DATA SUPPLIED START

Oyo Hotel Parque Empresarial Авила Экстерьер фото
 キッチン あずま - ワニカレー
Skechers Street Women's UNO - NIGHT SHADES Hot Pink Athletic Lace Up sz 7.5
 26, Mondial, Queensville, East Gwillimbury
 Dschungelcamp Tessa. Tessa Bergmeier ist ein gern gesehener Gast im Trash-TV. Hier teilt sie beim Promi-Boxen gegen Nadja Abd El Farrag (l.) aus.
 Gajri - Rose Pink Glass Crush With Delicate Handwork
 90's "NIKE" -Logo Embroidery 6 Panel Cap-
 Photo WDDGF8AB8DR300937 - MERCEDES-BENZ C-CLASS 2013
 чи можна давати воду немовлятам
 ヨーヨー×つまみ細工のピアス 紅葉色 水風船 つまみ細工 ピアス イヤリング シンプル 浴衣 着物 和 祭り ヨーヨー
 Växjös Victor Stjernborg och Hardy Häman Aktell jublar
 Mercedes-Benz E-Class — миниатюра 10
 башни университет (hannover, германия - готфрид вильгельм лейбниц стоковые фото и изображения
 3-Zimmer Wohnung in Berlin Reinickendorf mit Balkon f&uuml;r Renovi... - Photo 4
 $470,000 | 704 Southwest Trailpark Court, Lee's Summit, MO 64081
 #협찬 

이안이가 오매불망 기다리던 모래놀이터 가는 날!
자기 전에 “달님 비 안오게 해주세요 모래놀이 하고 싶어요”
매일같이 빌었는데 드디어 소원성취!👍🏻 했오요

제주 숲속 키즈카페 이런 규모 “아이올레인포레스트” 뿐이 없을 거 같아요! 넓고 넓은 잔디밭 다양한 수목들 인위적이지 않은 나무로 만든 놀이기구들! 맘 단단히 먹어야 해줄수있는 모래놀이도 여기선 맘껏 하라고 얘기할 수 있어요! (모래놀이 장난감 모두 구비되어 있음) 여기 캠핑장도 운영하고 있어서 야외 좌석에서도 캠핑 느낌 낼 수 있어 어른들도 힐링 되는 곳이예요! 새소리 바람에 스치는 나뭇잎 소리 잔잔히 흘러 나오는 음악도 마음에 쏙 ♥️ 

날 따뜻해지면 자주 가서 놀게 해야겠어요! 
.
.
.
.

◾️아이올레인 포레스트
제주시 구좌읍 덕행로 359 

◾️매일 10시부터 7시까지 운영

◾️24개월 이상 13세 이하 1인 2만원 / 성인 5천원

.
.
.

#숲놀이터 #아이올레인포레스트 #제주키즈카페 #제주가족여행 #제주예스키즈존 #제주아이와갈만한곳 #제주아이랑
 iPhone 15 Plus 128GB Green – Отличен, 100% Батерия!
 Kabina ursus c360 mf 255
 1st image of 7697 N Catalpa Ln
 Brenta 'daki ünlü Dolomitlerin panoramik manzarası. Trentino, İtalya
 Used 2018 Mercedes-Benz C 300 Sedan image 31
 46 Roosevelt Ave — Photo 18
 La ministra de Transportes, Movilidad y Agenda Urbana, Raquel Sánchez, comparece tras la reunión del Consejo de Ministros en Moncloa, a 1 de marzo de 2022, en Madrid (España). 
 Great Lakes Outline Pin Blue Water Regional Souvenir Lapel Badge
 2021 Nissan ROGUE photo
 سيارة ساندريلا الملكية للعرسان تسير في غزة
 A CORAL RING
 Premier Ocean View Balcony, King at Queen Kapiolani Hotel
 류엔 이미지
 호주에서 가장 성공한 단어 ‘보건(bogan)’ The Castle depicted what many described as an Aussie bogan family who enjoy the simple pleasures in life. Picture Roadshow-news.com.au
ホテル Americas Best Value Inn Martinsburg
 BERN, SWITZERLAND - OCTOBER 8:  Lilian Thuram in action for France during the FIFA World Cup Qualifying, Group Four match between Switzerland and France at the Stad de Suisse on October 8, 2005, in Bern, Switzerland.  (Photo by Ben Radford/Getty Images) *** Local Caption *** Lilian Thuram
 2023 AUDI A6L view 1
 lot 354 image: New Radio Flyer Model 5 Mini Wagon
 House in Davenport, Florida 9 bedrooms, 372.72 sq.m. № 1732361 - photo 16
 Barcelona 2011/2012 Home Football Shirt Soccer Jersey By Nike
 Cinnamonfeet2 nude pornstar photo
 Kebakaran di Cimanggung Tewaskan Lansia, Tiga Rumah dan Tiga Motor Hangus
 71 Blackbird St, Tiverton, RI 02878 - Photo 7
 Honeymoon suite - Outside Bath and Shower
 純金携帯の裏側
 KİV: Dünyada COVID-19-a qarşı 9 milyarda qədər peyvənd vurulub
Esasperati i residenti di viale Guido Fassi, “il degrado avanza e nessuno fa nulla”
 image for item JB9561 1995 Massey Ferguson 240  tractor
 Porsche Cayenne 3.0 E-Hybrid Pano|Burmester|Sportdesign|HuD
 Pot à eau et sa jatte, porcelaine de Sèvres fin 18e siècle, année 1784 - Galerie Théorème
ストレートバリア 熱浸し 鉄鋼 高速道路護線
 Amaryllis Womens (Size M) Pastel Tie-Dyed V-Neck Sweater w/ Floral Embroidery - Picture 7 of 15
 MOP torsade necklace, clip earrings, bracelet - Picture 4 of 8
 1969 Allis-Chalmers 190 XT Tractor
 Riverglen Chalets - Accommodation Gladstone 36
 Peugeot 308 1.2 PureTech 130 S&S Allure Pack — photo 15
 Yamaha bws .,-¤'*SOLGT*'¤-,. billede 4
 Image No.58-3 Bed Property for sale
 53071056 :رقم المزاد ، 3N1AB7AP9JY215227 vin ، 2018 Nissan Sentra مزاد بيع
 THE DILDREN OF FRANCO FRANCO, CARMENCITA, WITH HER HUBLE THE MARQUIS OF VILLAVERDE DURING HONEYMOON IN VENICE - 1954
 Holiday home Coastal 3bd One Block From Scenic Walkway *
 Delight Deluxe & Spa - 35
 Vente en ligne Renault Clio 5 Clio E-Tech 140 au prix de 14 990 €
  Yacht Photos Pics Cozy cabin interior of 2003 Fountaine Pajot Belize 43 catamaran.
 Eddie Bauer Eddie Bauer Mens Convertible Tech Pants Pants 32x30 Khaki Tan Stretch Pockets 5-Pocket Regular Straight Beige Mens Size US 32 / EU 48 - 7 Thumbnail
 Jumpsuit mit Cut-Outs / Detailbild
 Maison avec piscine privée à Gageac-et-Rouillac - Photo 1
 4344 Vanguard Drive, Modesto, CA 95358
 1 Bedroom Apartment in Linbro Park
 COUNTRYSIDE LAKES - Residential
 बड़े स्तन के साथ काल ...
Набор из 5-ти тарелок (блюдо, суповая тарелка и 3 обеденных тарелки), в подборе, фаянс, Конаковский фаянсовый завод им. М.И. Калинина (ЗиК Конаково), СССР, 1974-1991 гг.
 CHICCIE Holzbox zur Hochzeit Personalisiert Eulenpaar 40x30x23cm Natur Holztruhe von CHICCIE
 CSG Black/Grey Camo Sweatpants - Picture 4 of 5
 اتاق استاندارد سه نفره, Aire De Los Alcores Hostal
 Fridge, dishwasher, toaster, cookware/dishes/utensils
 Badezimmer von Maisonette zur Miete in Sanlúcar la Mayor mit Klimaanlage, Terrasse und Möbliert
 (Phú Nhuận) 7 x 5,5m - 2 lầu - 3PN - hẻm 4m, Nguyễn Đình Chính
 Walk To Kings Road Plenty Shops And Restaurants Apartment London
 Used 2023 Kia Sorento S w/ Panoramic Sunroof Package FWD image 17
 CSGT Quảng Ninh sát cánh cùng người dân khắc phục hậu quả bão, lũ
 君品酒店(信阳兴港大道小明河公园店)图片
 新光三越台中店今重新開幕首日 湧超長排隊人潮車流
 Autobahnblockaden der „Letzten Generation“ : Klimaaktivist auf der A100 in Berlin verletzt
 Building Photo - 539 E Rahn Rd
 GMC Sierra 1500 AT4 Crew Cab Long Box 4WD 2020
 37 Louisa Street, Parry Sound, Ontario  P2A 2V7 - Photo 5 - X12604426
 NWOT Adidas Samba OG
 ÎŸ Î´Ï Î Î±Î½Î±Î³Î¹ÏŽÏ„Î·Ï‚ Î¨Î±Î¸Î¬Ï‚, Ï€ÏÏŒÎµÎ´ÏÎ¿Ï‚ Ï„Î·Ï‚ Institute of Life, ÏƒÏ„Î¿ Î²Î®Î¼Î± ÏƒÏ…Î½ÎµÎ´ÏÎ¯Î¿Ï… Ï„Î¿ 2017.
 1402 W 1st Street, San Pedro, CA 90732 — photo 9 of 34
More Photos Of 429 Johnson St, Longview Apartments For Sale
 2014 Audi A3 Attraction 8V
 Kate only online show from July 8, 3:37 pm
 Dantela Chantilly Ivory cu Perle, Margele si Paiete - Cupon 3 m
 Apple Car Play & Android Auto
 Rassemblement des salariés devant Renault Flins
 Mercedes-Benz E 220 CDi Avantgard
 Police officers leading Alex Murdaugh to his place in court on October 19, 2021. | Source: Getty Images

DATA SUPPLIED END

WHAT NEEDS TO BE DONE
Copy out each line of the data above, exactly, if it lies between the line holding "Used 2018 Mercedes-Benz C 300 Sedan image 31" and the line holding "La ministra de", inclusive; copy no other line.

THE COMPLETED TASK
 Used 2018 Mercedes-Benz C 300 Sedan image 31
 46 Roosevelt Ave — Photo 18
 La ministra de Transportes, Movilidad y Agenda Urbana, Raquel Sánchez, comparece tras la reunión del Consejo de Ministros en Moncloa, a 1 de marzo de 2022, en Madrid (España). 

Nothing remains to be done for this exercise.